GARDNER, Circuit Judge.
Appellant, Frank Illingworth, was the owner and driver of a truck-tractor which, while it was being driven westward on Highway No. 6, about one mile east of South Amana, Iowa, became stalled while partly on the paved portion of the highway. A truck-trailer driven by appellee Laverne Carrington in a westerly direction collided with appellant's stalled tractor. The tractor driven by appellee Carrington belonged to appellee Industrial Molasses Corporation, which also owned the cargo of molasses being transported in the trailer attached to the tractor.
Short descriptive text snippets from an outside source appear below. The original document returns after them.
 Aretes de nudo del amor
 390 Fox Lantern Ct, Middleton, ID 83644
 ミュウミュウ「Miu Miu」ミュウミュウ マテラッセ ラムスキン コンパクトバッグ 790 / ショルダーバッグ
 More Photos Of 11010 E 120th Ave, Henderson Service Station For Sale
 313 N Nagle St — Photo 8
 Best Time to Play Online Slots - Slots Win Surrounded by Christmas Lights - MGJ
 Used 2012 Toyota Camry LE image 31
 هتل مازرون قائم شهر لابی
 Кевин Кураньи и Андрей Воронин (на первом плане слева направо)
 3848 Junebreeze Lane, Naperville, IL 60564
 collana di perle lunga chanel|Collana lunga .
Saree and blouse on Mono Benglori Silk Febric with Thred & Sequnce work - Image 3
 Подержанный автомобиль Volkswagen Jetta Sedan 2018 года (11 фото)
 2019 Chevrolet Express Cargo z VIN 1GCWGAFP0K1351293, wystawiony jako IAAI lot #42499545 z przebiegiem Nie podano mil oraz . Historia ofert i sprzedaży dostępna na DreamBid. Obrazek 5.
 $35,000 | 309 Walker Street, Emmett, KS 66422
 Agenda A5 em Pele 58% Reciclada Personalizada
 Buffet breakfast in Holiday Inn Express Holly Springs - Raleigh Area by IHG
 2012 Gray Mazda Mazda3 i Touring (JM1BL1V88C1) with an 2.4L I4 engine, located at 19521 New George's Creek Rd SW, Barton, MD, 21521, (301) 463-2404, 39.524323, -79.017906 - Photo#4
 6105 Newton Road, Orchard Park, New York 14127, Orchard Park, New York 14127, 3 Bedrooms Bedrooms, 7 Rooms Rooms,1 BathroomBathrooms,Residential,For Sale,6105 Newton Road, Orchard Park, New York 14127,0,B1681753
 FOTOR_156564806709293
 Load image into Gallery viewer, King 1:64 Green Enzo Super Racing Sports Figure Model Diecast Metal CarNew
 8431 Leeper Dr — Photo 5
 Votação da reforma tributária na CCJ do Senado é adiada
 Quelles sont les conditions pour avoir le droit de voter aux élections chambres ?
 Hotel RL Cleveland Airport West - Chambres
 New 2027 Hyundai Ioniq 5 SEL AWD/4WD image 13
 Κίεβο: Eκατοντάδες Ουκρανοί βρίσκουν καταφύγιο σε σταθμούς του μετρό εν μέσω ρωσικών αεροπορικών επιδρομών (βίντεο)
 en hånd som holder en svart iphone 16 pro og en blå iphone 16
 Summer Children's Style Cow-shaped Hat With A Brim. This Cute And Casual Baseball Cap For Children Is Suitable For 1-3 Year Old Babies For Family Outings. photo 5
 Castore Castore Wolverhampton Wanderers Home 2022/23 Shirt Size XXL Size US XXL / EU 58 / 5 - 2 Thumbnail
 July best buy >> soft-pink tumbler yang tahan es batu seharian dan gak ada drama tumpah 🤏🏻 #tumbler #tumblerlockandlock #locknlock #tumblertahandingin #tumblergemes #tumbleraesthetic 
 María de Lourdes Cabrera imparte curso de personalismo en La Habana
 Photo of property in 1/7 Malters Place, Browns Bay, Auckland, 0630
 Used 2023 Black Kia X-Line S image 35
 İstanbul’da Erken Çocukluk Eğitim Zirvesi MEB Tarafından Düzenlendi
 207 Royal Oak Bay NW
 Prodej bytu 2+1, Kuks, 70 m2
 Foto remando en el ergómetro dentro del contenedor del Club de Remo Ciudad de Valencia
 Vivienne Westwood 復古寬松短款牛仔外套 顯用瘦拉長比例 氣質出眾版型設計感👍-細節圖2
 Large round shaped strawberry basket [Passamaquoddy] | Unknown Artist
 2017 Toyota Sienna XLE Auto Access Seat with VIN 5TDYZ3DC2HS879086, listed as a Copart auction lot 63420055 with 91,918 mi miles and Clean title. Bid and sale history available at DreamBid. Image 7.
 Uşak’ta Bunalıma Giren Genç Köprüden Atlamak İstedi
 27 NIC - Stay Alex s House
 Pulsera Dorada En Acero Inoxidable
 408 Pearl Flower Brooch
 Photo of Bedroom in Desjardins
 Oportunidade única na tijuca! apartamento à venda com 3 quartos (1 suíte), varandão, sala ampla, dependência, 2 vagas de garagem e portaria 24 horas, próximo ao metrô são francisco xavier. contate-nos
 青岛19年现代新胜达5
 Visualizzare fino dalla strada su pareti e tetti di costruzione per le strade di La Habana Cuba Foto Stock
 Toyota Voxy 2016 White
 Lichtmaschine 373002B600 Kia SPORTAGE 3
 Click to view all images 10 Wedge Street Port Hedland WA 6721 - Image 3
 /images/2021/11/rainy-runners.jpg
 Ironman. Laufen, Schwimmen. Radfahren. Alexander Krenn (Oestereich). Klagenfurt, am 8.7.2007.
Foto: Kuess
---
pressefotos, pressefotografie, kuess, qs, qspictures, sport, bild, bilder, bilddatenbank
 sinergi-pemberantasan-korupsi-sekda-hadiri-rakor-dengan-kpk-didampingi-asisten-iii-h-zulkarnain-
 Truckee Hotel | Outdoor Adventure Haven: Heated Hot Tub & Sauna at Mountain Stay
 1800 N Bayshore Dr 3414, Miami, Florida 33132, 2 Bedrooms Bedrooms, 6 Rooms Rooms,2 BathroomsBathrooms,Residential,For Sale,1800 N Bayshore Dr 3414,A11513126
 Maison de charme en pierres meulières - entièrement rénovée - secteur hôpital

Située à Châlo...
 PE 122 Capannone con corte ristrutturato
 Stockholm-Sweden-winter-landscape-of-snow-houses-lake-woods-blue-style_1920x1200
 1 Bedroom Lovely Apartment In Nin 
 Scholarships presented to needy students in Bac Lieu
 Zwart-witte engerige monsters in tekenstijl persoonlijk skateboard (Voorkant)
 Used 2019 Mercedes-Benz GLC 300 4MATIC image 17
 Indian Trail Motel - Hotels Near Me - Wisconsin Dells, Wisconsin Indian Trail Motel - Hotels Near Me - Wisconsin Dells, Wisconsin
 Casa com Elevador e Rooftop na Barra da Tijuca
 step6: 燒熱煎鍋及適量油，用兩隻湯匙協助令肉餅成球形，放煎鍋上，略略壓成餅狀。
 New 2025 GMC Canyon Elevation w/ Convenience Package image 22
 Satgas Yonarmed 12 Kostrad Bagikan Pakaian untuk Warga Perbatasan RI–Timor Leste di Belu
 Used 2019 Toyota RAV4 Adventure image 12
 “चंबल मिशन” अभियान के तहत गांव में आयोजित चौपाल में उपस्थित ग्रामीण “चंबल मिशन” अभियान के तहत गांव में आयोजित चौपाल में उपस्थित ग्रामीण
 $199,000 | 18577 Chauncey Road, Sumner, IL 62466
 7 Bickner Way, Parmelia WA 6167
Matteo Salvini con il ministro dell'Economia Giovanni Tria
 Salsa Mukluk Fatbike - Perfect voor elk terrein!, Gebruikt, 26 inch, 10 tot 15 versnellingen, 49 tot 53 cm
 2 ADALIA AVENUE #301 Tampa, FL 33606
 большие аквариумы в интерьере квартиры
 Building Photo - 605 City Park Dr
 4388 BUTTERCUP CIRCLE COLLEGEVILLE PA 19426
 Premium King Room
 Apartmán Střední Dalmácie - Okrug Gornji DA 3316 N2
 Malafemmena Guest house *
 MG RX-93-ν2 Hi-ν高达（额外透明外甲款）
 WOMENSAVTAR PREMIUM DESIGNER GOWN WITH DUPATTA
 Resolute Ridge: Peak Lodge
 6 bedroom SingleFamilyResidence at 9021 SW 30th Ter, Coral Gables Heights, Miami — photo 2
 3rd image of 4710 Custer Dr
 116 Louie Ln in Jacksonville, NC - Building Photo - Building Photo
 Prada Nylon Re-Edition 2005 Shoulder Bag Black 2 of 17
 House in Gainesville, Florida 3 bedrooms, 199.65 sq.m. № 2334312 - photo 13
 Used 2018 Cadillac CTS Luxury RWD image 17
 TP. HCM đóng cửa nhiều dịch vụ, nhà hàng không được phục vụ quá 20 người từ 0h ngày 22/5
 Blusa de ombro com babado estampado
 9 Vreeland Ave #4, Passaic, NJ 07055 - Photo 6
Based upon claims of personal injuries or damage to property resulting from this accident two actions were brought, one by appellees Carrington and Industrial Molasses Corporation for personal injuries to Carrington and damages to property of Industrial Molasses Corporation, and the other by one Kenneth C. Koch doing business as Chillicothe Cartage Company, for damages to property.
In the action brought by Carrington and Industrial Molasses Corporation it was alleged in the complaint that defendant in that action, appellant here, was negligent in the following particulars: (a) in stopping, parking, or leaving standing, said truck upon the paved traveled part of U. S. Highway No. 6; (b) in failing to leave said truck stopped, parked or standing off of the paved or main traveled part of said Highway No. 6 and upon the shoulder of said highway; (c) in failing to leave a clear and unobstructed width of at least twenty feet of said Highway No. 6 opposite said parked or standing vehicle for the free passage of other vehicles, including plaintiff's vehicle; (d) in failing to display a lighted fusee, lighted flares, red reflector electric lanterns, or red reflectors, when defendant's tractor was stopped on the traveled portion of Highway No. 6; (e) in failing to display a red light visible to the rear from a distance of 500 feet, when the defendant's tractor was parked or stopped upon Highway No. 6.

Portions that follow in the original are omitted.